Moby-Dick Chapter 51: The Spirit-Spout Summary

  • Several weeks go by while the Pequod trolls around in different parts of the ocean.
  • One moonlit night, Fedallah sees a whale spout ahead of the ship in the distance.
  • Fedallah’s been keeping watch at night, even though usually seamen don’t lower the boats or hunt in the dark, whether they sight whales or not.
  • Ahab orders the sails to be set, and the Pequod rushes after the spout.
  • Different symbolic conflicts happen here: the ship seems to be torn between rushing forward after the whale and being lifted up toward heaven by the wind, and Ahab’s walk alternates between a living leg and a dead piece of whalebone.
  • Eventually, the spout stops appearing.
  • Everyone thinks they’ve seen it once, but no more.
  • Several days go by and the sailors have almost forgotten the spout when, suddenly, it appears t and disappears in the middle of the night again like before.
  • This keeps happening—every few nights, they see the spout, but they never actually see the whale, and they never catch up with it before it disappears.
  • Some of the sailors decide, purely due to superstition, the creepiness of the calm weather, and the mysterious evening spout, that this must be Moby Dick.
  • When the Pequod finally turns east (they’ve been heading south in the Atlantic, and now they’re going around the Cape of Good Hope, the southern tip of Africa), the spirit-spout and creepy calmness disappear in stormy weather, but things are still pretty depressing.
  • Sea-ravens land on the ship in droves, as though it were already an abandoned wreck for them to scavenge. The sea is choppy and violent.

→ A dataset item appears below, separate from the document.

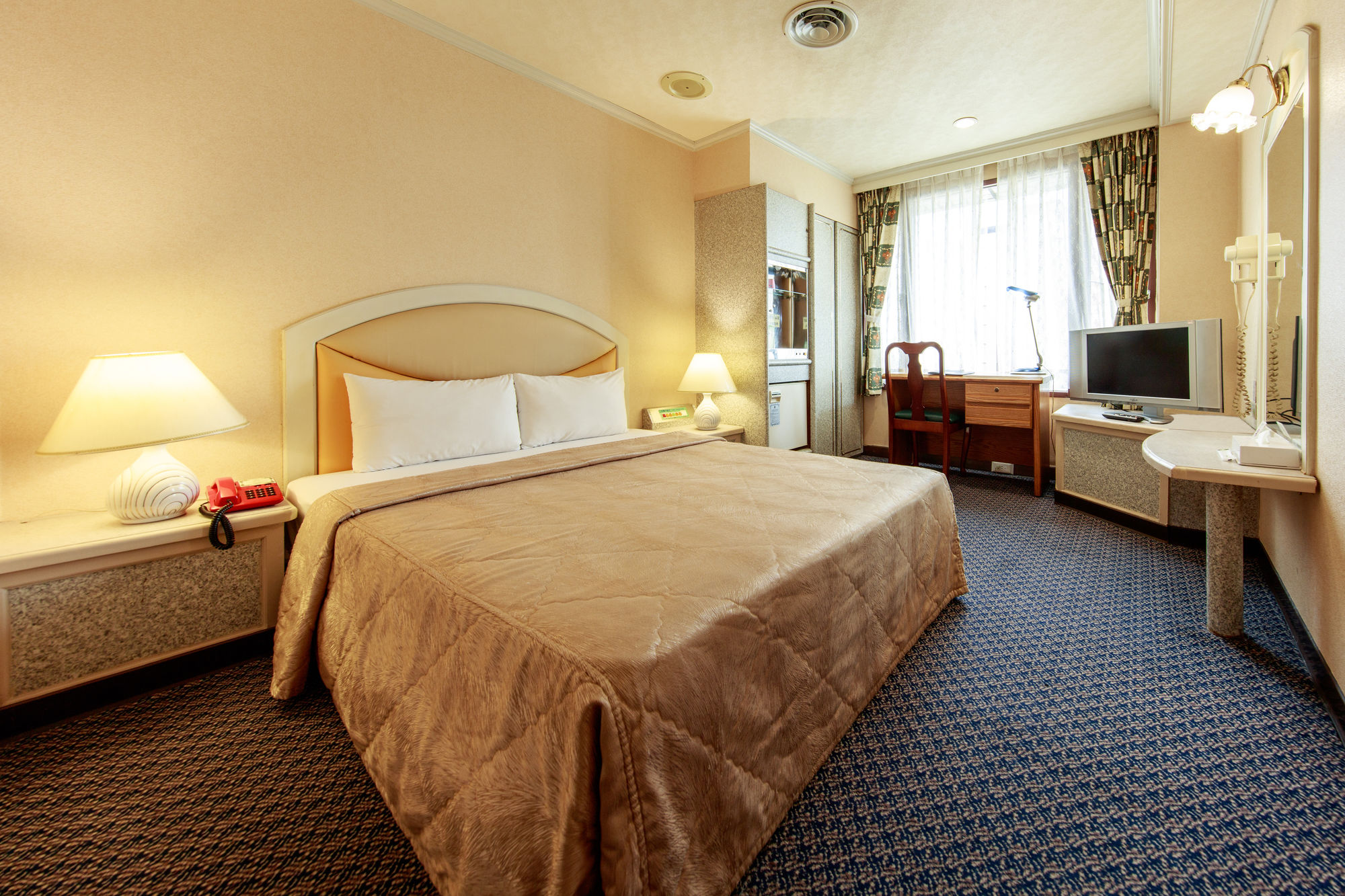 Фото Chungli Business Hotel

  • All they can do is ride out the storm, so Ahab stands silently on the deck staring into the wind, and the crew ride in the waist (the level just below the main deck), tying themselves to the railings to make primitive seatbelts.
  • Starbuck is haunted by Ahab’s behavior, especially one evening, when he goes into the captain’s cabin to look at the barometer. He finds Ahab asleep in his chair with his head thrown back and his closed eyes pointed toward the compass.